Problem to solve →
Without including any pictures, reproduce all the lines below word for word.

Data section →
□ □ □ □

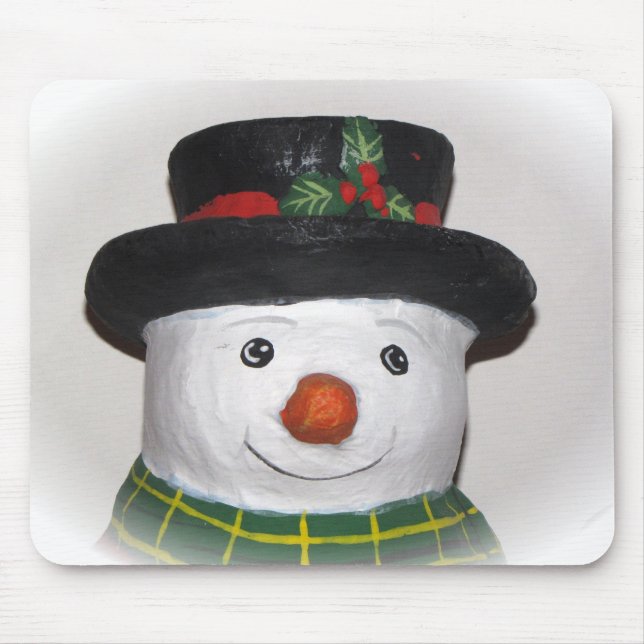 Mousepad Um Mouse Muito Bonito De Neve (Frente)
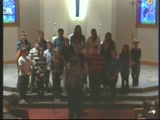 St. Paul Lutheran school children who are members of the Creator's Choir sing a new song.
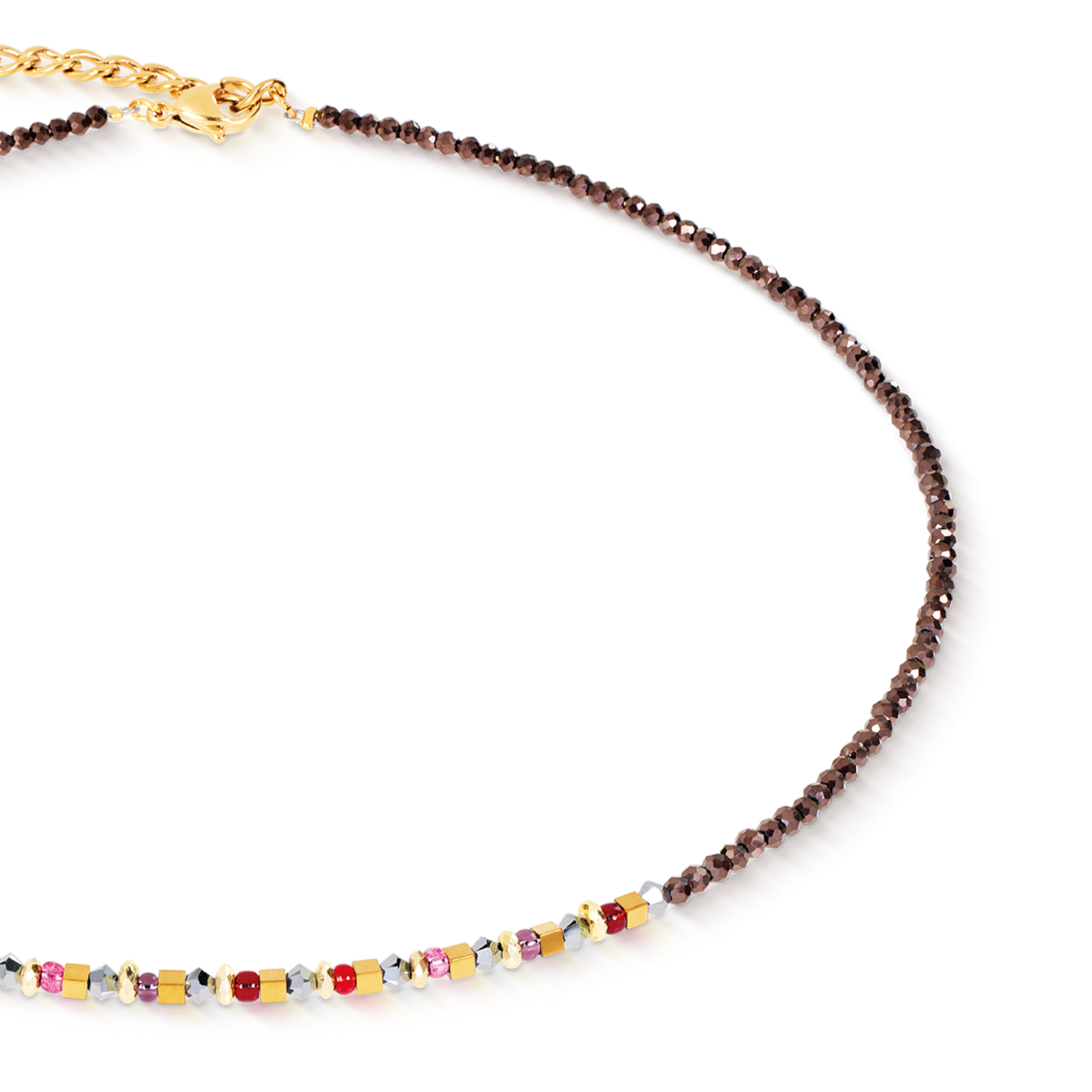 Necklace Golden Whisper brown-red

□ □ □ □

Result for this exercise →
 Mousepad Um Mouse Muito Bonito De Neve (Frente)
 St. Paul Lutheran school children who are members of the Creator's Choir sing a new song.
 Necklace Golden Whisper brown-red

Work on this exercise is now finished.